Le sourire aux lèvres et terriblement impatiente, je fis ce qu'il me dit aussitôt. Je fus émerveillé par la vision qui s'attardait devant moi.
Nous étions sans aucun doute dans la célèbre avenue des Champs Elysées. PARIS. L'amour de ma vie m'avait emmené dans la capitale française, une ville connue dans le monde entier pour ses monuments et sa vie artistique et culturelle. Une ville idéale pour la lune de miel ultra romantique de deux jeunes mariés.
- Ca te plait? Me demanda Edward pressé de connaître ma réaction. Paris est une ville vraiment magnifique, poursuivit-il en scrutant les alentours.
- J'ai toujours voulu y venir ! C'est un endroit parfait, Edward, lui répondis-je. Tu est génial, m'exclamais-je en le prenant dans mes bras.
- Allons déposez nos bagages à l'hôtel et ensuite je te ferais visiter la ville, me dit-il, rayonnant de bonheur.

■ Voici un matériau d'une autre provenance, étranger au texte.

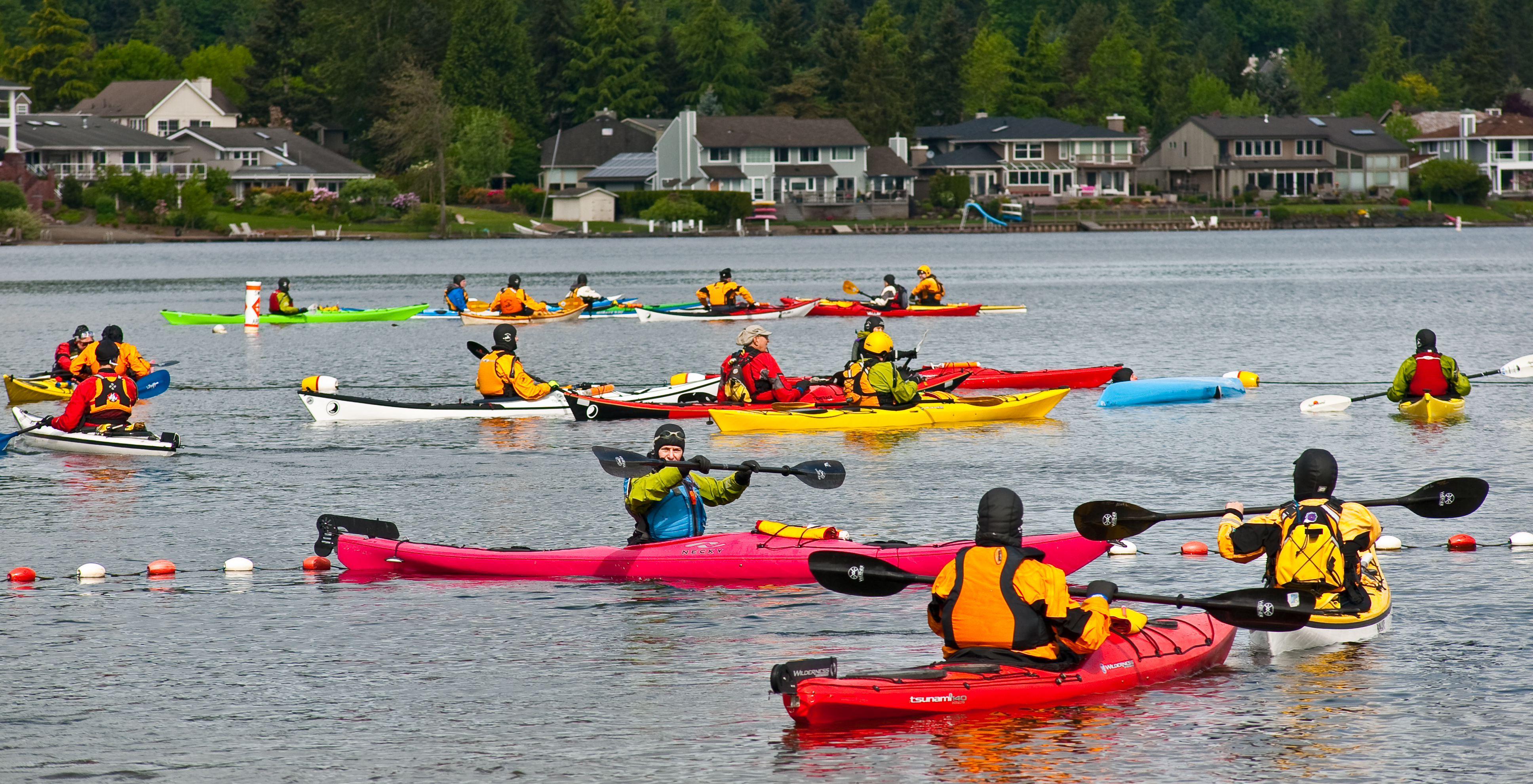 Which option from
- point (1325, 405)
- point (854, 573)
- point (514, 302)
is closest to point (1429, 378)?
point (1325, 405)

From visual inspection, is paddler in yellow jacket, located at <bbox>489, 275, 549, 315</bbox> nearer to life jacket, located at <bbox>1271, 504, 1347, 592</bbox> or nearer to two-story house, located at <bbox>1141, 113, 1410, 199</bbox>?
life jacket, located at <bbox>1271, 504, 1347, 592</bbox>

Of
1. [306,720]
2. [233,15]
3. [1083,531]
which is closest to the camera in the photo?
[306,720]

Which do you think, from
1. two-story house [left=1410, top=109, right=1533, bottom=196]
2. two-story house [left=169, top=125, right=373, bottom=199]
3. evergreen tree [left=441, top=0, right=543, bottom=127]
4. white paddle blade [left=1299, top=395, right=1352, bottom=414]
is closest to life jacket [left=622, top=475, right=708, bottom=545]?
white paddle blade [left=1299, top=395, right=1352, bottom=414]

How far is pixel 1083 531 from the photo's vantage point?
1337 centimetres

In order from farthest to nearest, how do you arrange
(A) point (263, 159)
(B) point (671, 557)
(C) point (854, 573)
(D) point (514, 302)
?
1. (A) point (263, 159)
2. (D) point (514, 302)
3. (B) point (671, 557)
4. (C) point (854, 573)

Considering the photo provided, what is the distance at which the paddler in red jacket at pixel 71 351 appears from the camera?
26.5 meters

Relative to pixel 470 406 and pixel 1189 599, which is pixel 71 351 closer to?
pixel 470 406

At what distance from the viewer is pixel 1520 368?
28.4 meters

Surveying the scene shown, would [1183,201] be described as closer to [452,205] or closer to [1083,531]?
[452,205]

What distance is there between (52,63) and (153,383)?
13125 cm

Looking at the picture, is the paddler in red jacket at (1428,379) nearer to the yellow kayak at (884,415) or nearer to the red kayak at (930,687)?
the yellow kayak at (884,415)

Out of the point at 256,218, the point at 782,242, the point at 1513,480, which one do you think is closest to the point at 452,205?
the point at 256,218

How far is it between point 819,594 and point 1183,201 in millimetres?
126343

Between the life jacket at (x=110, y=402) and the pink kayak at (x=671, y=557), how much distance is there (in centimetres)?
936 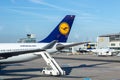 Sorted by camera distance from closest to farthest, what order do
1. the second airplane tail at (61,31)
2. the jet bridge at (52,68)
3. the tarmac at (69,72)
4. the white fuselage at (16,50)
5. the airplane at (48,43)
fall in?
1. the tarmac at (69,72)
2. the jet bridge at (52,68)
3. the white fuselage at (16,50)
4. the airplane at (48,43)
5. the second airplane tail at (61,31)

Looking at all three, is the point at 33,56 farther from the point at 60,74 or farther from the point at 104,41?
the point at 104,41

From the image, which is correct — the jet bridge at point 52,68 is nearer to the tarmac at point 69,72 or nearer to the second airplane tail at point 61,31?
the tarmac at point 69,72

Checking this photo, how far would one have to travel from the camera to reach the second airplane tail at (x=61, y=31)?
38.8 metres

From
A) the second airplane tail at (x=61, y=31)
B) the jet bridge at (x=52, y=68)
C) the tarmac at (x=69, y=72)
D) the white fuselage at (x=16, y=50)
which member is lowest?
the tarmac at (x=69, y=72)

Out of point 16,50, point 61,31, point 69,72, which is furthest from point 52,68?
point 61,31

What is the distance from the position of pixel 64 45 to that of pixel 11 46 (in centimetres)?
696

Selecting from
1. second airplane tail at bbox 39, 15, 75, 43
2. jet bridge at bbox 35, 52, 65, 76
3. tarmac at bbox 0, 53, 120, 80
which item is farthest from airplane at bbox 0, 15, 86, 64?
tarmac at bbox 0, 53, 120, 80

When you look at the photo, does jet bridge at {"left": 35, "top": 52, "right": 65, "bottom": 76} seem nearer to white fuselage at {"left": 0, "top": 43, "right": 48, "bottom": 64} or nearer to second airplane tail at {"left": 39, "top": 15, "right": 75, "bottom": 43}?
white fuselage at {"left": 0, "top": 43, "right": 48, "bottom": 64}

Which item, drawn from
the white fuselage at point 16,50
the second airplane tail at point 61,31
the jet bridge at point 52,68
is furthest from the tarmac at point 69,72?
the second airplane tail at point 61,31

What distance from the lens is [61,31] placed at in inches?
1537

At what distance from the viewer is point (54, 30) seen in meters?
38.9

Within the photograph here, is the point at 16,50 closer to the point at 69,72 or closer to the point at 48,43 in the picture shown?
the point at 48,43

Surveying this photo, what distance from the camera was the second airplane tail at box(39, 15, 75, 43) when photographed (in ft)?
127

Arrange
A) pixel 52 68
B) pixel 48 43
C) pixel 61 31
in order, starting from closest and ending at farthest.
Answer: pixel 52 68 → pixel 48 43 → pixel 61 31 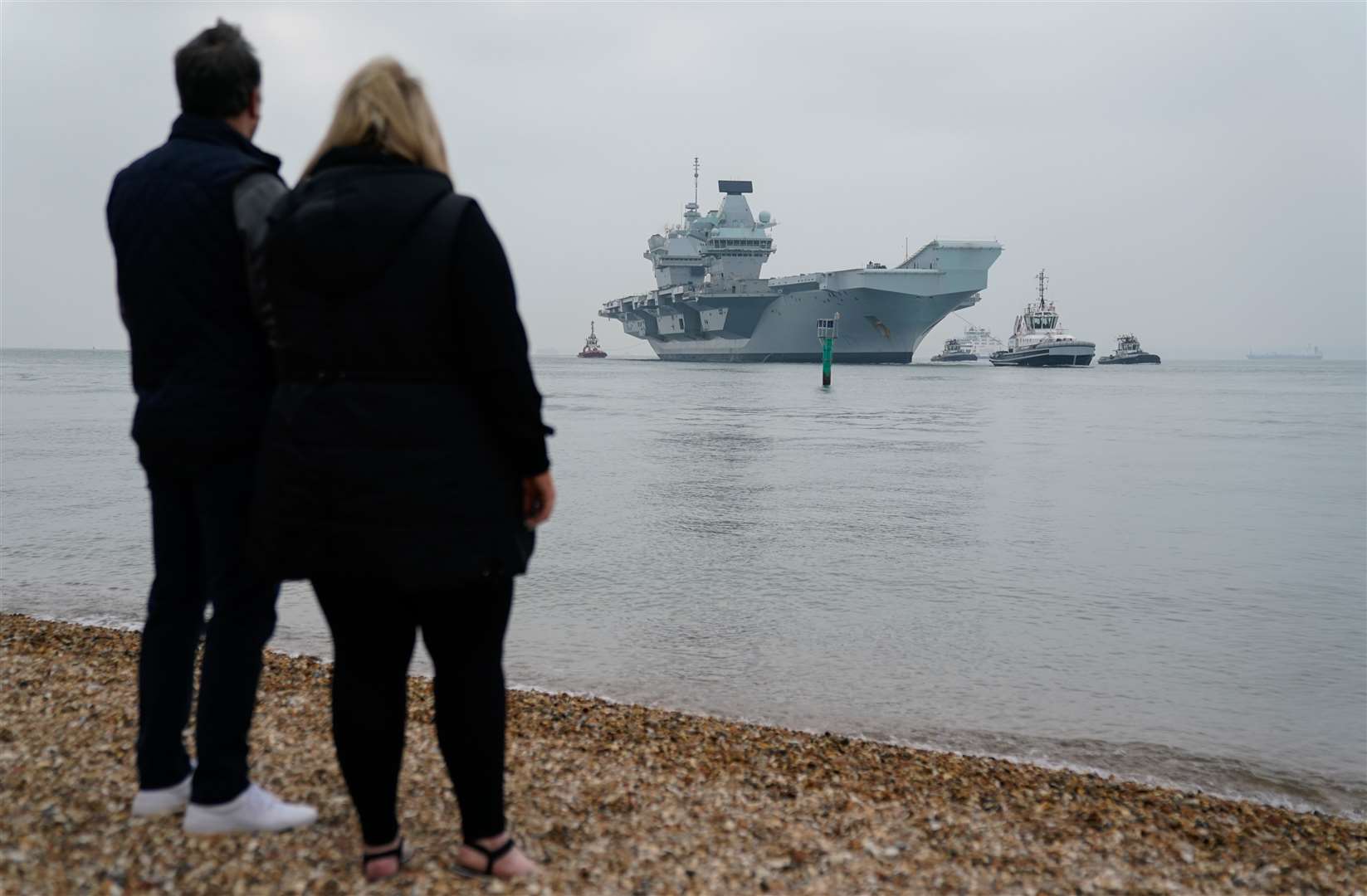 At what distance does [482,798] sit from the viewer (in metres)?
2.24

L'hôtel qu'avait choisi Edward était d'une beauté extraordinaire. Le "Ritz" semblait tout droit sorti des palaces de contes de fées. La chambre qu'il avait prévu était particulièrement jolie; Le lit à baldaquin affublé d'un magnifique couvre lit doré, surplombé la pièce. De partout, se trouvaient de merveilleuses lampes, plus belles les unes que les autres. La salle de bain, spacieuse et agréable avait pour centre une baignoire trois fois plus grande que l'était celle qu'il y avait chez Charlie. Enfin, la vue était tout simplement sublime.
Cette lune de miel allait être extraordinaire.

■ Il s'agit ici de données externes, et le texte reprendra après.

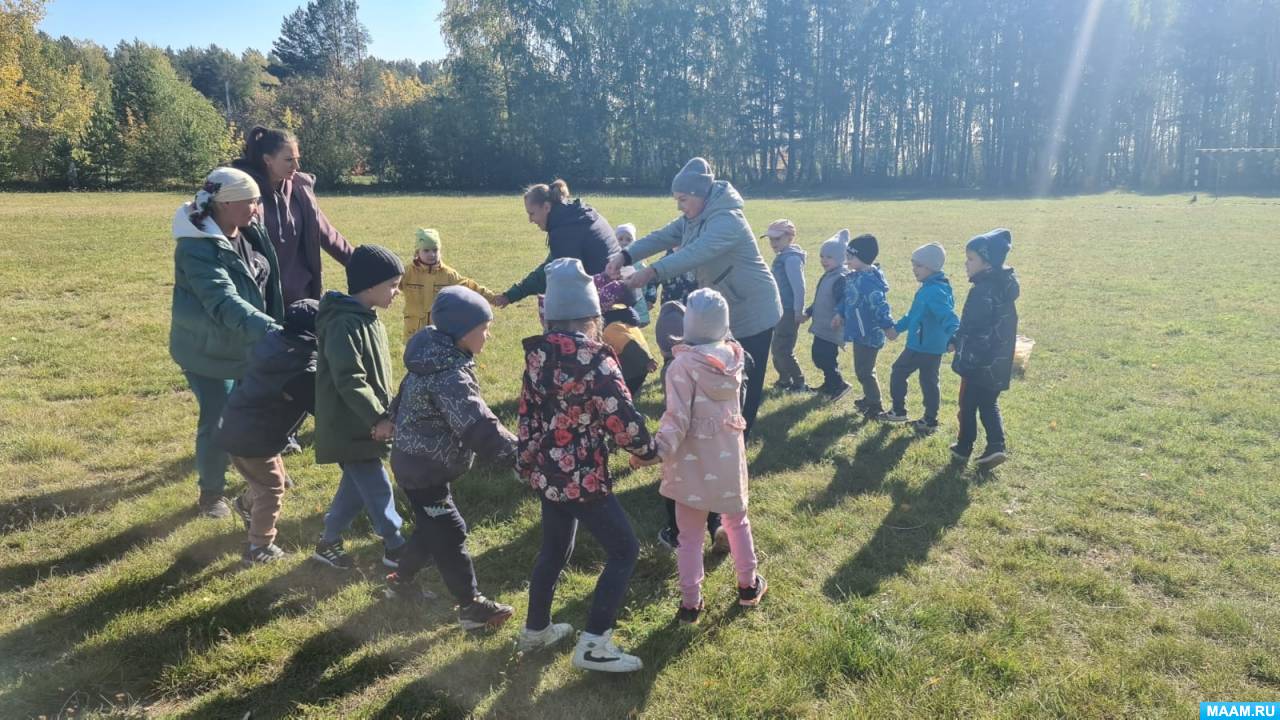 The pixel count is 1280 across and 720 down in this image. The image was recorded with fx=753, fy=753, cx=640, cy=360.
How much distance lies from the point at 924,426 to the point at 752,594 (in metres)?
3.52

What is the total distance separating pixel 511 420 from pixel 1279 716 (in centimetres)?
545

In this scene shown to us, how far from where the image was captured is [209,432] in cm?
491

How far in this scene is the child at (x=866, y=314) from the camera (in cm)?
719

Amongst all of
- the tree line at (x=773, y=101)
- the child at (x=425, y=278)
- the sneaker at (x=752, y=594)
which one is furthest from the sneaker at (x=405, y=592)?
the tree line at (x=773, y=101)

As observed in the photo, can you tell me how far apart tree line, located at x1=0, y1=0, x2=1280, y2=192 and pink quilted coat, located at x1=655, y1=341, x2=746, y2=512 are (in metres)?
50.5

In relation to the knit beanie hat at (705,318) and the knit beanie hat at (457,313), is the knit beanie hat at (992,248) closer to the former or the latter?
the knit beanie hat at (705,318)

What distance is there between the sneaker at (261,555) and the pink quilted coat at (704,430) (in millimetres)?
2387

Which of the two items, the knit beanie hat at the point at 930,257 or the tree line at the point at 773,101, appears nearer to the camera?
the knit beanie hat at the point at 930,257

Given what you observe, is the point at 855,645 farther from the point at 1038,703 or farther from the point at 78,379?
the point at 78,379

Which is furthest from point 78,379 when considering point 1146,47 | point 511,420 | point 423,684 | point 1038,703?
point 1146,47

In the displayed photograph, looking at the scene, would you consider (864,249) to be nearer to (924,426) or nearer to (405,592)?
(924,426)

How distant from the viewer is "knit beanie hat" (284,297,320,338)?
3900 mm

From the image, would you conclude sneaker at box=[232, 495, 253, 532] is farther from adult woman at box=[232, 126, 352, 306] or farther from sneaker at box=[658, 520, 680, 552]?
sneaker at box=[658, 520, 680, 552]

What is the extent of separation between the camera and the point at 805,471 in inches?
231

Le soir venu, Edward m'emmena dîner dans un restaurant particulièrement chic. J'avais choisi de mettre une petite robe noire, serrée à la taille et évasée vers le bas. J'avais également décidé de porter pour cette soirée, le charmant ensemble de lingerie qu'Alice m'avait offert; Bien qu'il était orné de jolies dentelles noires, et légèrement transparent au niveau de la poitrine, je ne pus m'empêcher de me trouver ridicule, moi qui n'avais jamais osé porter de choses aussi affriolantes. J'essayais tant bien que mal de me convaincre qu'il y avait un début à tout; La nuit de noce devait être parfaite, et je voulais absolument mettre toutes les chances de mon coté pour plaire à Edward.

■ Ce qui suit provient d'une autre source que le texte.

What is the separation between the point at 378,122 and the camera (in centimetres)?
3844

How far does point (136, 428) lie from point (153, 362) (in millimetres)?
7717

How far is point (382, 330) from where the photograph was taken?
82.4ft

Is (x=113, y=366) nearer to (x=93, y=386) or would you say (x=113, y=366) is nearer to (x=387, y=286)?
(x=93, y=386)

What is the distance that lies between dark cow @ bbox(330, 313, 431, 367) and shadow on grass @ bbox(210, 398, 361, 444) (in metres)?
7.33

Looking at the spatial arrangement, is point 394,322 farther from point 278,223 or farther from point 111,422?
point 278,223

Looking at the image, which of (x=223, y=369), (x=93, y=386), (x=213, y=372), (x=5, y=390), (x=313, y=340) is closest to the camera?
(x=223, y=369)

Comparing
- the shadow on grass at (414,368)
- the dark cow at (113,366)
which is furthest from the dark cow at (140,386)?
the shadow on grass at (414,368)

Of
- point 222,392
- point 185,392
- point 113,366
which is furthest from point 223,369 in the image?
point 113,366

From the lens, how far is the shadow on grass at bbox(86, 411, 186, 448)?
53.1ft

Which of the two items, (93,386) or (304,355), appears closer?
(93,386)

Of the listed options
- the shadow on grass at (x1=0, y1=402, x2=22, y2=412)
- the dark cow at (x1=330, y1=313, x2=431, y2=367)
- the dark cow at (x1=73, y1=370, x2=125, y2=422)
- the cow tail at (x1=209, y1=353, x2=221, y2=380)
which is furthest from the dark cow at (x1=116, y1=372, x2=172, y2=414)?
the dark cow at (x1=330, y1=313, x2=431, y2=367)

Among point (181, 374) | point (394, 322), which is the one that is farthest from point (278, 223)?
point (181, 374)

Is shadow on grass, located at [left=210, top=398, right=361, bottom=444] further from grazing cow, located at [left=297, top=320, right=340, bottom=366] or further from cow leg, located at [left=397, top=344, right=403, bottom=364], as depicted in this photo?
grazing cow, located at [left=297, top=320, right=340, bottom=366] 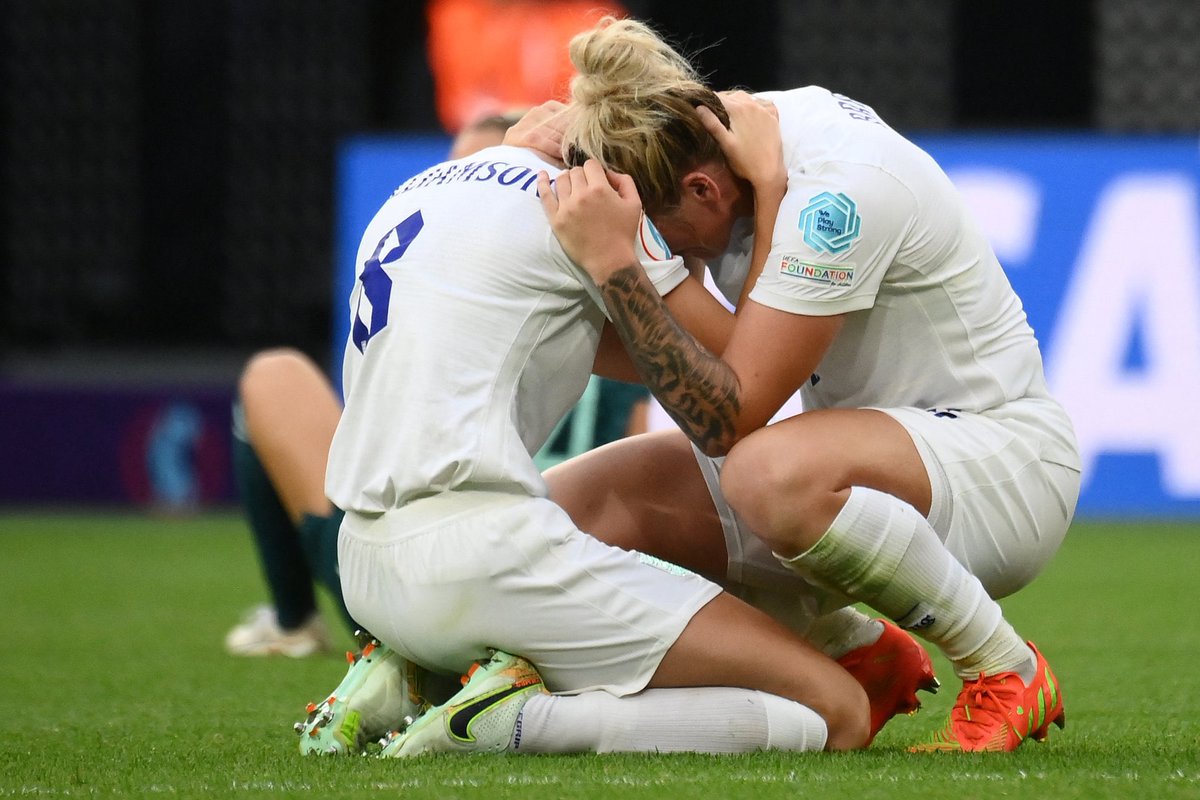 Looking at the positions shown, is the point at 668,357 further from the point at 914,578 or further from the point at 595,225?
the point at 914,578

Lorsque nous entrâmes dans le restaurant, presque toutes les personnes présentes tournèrent leurs têtes vers nous, et nous reluquèrent. Une jeune serveuse posa longuement son regard sur Edward, ce qui me rappelai le soir où il m'avait invité dans un restaurant à Port Angeles ; En ce temps là, son entrée avait fait forte impression sur le personnel. Je pris la main de mon époux en affichant un sourire radieux, ce qui fit baisser les regards des jeunes femmes.
Je m'assis sur ma chaise en tentant d'être la plus gracieuse possible, ce qui n'était évidemment pas mon fort. Bien que j'aurais dû me sentir bien, dîner dans un tel restaurant me faisait devenir anxieuse; Tous étaient très élégant, et me dévisageaient ; je n'étais pas à l'aise.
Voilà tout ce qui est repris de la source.